Australian small businesses look for alternatives to fund growth

A record number of Australian small businesses are ditching traditional bank loans to fund growth and generate cash flow.

“Around 75% of businesses who come to us looking for invoice financing need the extra cash flow because they’re in a period of high growth,” says Angus Sedgwick, CEO of Optipay.

“Traditionally business owners were limited with their options for business finance and a bank loan was the go-to solution but Australian SME owners are wiser in 2022 and they’re realising there are other options,” adds Mr Sedgwick.

A recent report from Judo Bank* found nearly half of Australian SME’s are seeking to grow their business, but one in four have been turned away from accessing new funding.

The report also found banks are taking on average 42 days to discharge loans when an SME switches lenders, inhibiting quick access to funds.

“The problem some businesses run into with a bank loan is that they’re growing so rapidly over a 6 month period that suddenly the approved loan isn’t enough and it can be virtually impossible to get that loan increased,” says Mr Sedgwick.

The demand for invoice financing has more than doubled since early 2018 with 16.3% of SME’s taking out a new invoice finance facility in the past 12 months compared to 7.6% three years ago.

“When a business is going through a rapid growth phase it needs cash as they might be taking on new contracts, new employees, upscaling machinery and possibly needing new premises so they’re spending money before they make any – and invoice financing can bridge that gap.”

“Invoice finance is an advance on the money owed from a business’ outstanding invoices like a revolving line of credit – effectively unlocking the cash tied up in the accounts receivable ledger. 

“An invoice finance company will pay up to 90% of the verified outstanding invoice value, often within 24 hours. It effectively bridges the cash flow gap between a sale being made and cash for that sale actually being received.”

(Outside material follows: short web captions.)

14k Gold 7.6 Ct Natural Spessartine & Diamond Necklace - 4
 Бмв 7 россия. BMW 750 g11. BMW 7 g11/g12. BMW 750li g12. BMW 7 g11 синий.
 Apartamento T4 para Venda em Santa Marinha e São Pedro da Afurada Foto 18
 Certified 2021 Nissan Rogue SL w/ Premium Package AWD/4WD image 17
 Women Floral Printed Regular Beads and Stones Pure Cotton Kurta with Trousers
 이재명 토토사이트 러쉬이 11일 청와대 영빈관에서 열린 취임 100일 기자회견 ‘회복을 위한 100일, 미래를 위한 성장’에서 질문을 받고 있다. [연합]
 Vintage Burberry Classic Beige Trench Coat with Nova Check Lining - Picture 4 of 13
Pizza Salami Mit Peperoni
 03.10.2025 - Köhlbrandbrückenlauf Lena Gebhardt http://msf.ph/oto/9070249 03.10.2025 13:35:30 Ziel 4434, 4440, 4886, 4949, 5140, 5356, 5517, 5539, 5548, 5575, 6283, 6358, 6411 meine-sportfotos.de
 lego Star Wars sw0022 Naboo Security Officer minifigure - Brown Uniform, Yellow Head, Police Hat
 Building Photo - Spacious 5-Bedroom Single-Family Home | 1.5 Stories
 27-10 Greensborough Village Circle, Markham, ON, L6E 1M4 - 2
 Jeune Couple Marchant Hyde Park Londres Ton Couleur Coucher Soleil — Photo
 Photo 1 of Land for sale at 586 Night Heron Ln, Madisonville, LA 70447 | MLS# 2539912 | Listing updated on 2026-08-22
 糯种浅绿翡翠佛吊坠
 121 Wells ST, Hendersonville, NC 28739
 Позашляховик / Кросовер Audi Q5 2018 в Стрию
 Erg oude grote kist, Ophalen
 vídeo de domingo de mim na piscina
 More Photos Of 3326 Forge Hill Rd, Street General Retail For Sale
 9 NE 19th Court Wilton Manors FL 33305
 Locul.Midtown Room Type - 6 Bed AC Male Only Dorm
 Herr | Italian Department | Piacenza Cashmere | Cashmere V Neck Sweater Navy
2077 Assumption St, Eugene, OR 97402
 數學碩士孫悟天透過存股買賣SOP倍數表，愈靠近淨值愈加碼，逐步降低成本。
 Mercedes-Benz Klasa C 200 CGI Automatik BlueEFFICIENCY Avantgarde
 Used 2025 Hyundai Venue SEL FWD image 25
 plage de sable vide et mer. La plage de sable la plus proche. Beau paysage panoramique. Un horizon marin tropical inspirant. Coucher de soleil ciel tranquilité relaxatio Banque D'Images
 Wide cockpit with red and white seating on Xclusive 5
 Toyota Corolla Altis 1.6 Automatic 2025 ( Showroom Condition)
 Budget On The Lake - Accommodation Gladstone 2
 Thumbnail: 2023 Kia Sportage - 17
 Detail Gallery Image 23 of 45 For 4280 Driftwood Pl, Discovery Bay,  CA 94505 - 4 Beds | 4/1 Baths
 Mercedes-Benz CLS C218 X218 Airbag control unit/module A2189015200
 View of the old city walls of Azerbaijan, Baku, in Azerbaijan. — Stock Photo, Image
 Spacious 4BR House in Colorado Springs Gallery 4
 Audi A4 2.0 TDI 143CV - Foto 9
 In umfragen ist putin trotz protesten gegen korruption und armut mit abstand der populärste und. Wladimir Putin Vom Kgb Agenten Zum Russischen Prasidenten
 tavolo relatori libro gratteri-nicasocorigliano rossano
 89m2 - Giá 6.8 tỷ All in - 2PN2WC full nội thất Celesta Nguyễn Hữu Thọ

“It allows financial controllers to be very accurate with their cash flow and budgeting because if they have invoice financing, they know when they hit their forecast sales they can get at upto 90% of that in cash immediately, allowing them to plan for expenditure, input and purchasing for future sales.”

Optipay (former TIM Finance) has seen a two-fold increase in businesses enquiring about invoice financing compared to the same time last year with most of the interest coming from the manufacturing and wholesale trade industries.

“The best type of business for us to take on is a growing one. They’re running efficiently, they’ve got good cash flow and they’re making strong sales.”

“Unlike a bank, we don’t look at your historical financial performance and are not focussed on your debt to equity ratio and serviceability, we instead look at what your current sales are.”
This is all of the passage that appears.